(Dataset excerpts)

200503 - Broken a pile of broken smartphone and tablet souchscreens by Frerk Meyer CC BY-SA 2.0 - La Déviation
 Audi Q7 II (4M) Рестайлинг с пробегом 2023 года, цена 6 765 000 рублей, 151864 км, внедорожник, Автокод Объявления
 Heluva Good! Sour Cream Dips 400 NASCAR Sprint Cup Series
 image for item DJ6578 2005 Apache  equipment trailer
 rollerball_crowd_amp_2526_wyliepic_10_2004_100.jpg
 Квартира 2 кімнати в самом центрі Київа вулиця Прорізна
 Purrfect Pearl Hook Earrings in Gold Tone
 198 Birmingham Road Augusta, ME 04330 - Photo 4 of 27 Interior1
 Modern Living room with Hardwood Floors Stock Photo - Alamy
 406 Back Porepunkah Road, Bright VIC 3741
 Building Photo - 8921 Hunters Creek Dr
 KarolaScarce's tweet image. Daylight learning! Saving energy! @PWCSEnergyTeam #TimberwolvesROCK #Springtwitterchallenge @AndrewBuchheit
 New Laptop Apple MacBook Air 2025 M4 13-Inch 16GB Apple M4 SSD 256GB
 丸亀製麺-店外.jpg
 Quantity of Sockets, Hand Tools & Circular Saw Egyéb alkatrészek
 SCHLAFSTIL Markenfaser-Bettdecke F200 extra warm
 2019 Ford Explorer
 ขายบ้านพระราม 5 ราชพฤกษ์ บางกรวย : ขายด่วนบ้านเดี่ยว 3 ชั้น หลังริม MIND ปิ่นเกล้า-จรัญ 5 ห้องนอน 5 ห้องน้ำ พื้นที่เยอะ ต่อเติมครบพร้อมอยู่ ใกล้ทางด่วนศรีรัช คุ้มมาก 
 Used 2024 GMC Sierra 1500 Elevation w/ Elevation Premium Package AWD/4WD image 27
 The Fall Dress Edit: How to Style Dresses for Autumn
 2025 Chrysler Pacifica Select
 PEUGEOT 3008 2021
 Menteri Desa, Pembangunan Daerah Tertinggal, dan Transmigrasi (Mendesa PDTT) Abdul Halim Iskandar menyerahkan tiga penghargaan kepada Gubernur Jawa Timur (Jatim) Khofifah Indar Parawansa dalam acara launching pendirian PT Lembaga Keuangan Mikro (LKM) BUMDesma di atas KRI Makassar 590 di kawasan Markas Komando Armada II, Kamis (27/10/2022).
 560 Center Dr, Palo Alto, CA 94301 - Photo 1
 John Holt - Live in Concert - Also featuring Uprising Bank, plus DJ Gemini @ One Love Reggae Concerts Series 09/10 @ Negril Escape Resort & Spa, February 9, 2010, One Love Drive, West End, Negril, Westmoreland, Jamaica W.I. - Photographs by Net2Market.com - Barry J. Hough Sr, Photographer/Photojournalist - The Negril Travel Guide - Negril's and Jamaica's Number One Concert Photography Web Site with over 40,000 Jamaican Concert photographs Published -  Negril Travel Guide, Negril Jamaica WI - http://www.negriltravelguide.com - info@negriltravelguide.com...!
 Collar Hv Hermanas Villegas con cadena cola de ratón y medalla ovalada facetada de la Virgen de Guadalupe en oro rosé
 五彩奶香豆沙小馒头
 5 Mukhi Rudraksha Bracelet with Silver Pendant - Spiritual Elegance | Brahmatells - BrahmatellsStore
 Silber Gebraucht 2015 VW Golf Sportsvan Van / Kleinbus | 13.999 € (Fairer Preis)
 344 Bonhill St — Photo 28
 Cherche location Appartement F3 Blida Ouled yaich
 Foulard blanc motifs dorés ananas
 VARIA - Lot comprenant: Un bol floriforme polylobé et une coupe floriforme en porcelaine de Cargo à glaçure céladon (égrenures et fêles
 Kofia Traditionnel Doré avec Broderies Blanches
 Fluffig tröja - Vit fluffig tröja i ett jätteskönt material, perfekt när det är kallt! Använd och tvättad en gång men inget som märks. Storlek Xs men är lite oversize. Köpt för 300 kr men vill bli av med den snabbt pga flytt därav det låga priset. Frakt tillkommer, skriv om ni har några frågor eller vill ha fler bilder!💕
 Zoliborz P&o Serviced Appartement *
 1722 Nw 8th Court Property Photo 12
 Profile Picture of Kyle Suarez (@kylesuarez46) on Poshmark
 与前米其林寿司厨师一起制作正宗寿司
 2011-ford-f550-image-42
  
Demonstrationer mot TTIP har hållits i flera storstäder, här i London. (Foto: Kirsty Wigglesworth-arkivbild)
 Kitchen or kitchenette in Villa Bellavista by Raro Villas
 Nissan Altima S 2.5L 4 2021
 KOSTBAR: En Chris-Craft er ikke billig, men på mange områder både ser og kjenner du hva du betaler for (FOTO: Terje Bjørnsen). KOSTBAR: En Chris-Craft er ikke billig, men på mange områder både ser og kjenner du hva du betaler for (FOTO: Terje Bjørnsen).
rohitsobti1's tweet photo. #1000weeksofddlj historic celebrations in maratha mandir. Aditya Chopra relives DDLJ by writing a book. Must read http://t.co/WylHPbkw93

- ASSIGNMENT
All that belongs in your answer is the stretch of entries above from the line with "image for item" through the line with "406 Back Porepunkah Road, Bright VIC 3741", printed exactly.

- ANSWER BOX
 image for item DJ6578 2005 Apache  equipment trailer
 rollerball_crowd_amp_2526_wyliepic_10_2004_100.jpg
 Квартира 2 кімнати в самом центрі Київа вулиця Прорізна
 Purrfect Pearl Hook Earrings in Gold Tone
 198 Birmingham Road Augusta, ME 04330 - Photo 4 of 27 Interior1
 Modern Living room with Hardwood Floors Stock Photo - Alamy
 406 Back Porepunkah Road, Bright VIC 3741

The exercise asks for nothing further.